Data records
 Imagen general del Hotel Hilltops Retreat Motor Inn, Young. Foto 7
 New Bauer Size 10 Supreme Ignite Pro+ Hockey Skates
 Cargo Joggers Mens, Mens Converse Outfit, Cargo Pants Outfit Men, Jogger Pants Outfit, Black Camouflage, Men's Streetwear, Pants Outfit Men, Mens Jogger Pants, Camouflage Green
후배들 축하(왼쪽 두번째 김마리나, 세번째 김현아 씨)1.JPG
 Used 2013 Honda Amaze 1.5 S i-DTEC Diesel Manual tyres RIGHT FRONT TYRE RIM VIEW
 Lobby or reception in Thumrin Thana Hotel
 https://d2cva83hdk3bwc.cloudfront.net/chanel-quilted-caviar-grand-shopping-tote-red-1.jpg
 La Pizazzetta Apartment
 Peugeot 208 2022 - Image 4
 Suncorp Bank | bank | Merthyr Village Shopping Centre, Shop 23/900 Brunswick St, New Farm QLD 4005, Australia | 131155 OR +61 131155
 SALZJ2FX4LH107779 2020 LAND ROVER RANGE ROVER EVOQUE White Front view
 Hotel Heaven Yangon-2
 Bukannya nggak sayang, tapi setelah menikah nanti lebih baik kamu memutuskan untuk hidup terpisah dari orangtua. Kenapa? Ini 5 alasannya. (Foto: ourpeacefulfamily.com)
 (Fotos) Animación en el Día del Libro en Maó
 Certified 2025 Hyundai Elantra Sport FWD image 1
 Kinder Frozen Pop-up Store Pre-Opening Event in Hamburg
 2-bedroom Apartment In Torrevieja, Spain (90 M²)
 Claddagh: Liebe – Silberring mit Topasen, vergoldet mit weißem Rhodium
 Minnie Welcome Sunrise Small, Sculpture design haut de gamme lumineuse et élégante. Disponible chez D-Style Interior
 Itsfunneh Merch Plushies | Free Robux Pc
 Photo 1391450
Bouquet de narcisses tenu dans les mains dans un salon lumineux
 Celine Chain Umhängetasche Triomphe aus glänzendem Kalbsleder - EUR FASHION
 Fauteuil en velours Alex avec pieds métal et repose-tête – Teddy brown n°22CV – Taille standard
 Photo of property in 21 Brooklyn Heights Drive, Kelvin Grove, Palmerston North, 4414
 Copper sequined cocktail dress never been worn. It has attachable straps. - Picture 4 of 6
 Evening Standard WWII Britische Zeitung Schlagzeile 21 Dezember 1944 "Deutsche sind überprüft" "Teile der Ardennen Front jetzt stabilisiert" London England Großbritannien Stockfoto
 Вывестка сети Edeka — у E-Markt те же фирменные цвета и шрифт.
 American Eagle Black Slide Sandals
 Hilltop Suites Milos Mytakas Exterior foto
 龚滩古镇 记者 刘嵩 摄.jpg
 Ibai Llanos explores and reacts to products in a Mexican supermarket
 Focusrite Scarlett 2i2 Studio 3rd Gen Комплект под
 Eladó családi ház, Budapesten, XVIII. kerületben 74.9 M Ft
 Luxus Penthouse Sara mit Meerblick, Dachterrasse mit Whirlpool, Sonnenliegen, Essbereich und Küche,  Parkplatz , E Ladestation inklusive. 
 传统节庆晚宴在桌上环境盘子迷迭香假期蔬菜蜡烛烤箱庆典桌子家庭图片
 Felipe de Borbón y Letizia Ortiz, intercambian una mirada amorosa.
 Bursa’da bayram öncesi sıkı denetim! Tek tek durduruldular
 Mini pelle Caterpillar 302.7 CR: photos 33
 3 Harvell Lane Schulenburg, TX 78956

Task: From the records above, pull out every line containing the word "Hotel".

Your solution:
 Imagen general del Hotel Hilltops Retreat Motor Inn, Young. Foto 7
 Lobby or reception in Thumrin Thana Hotel
 Hotel Heaven Yangon-2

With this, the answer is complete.